**TASK INSTRUCTIONS:**
Quote all lines below exactly. Images stay out.

**DATASET EXTRACT:**
★ ★ ★ ★ ★

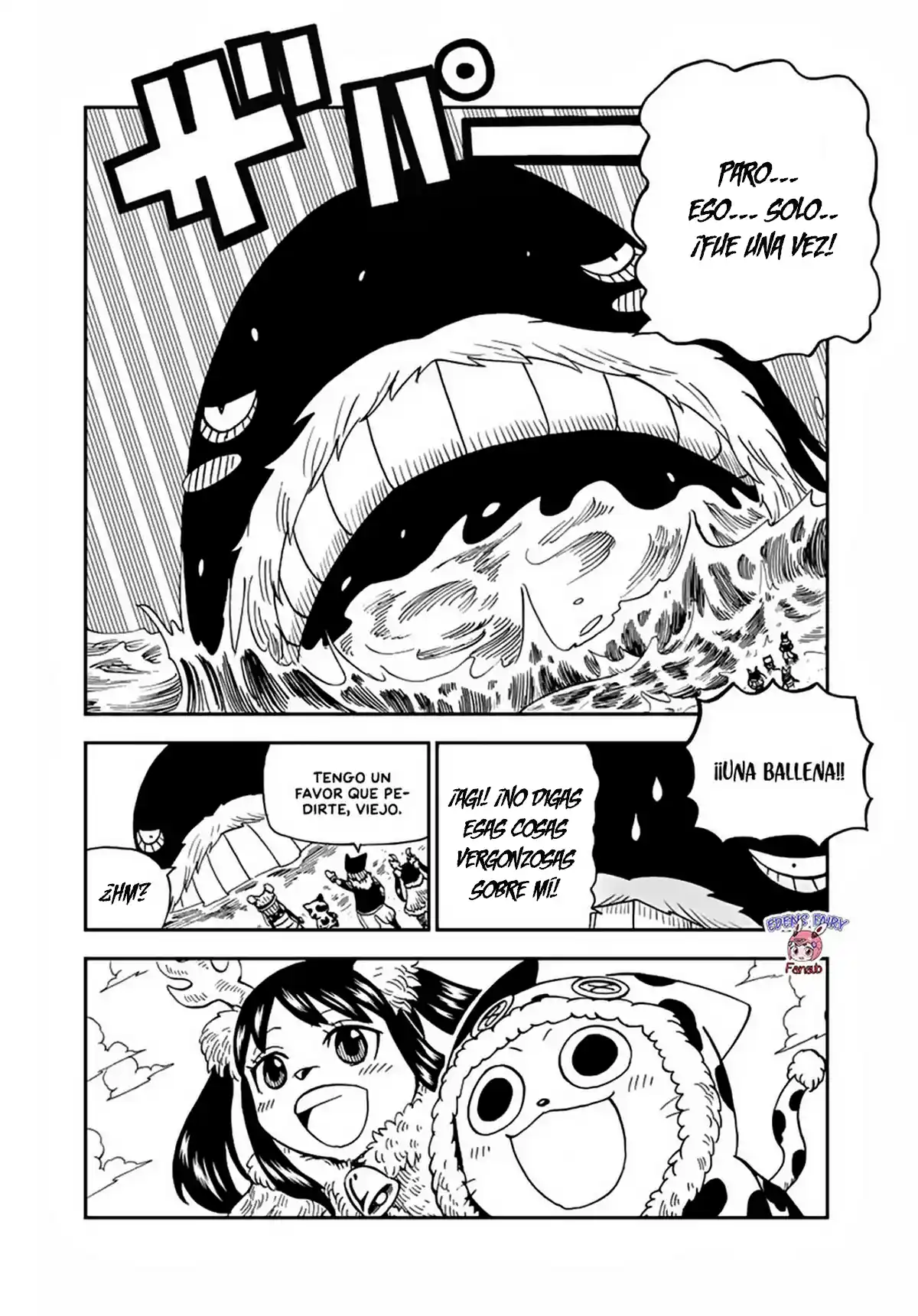 Fairy Tail - Ice Trail - Capítulo 36 - Página 13 - LectorTMOo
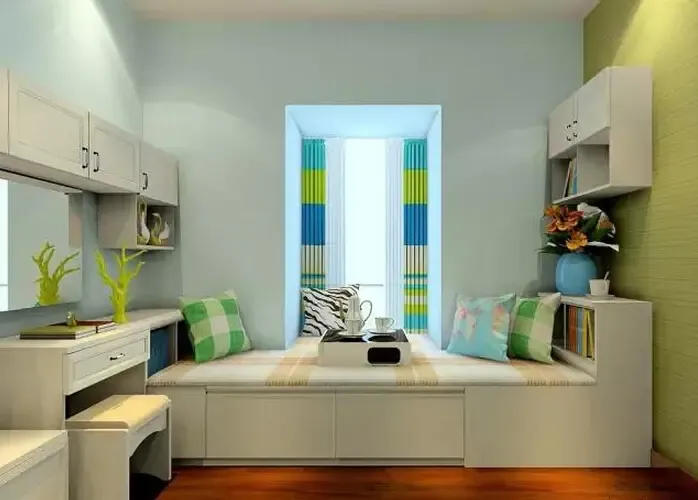 14种飘窗装修效果图告诉你 这种玩法美爆了-家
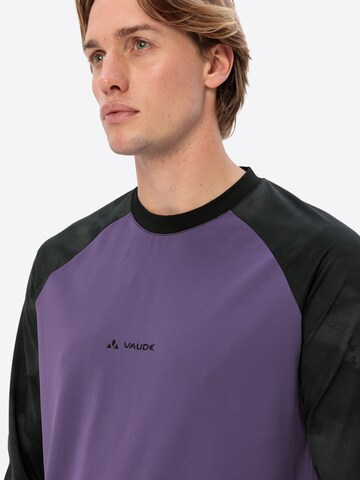 VAUDE Funktionsshirt 'Loamer' (GRS) in Lila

★ ★ ★ ★ ★

**WRITTEN SOLUTION:**
 Fairy Tail - Ice Trail - Capítulo 36 - Página 13 - LectorTMOo
 14种飘窗装修效果图告诉你 这种玩法美爆了-家
 VAUDE Funktionsshirt 'Loamer' (GRS) in Lila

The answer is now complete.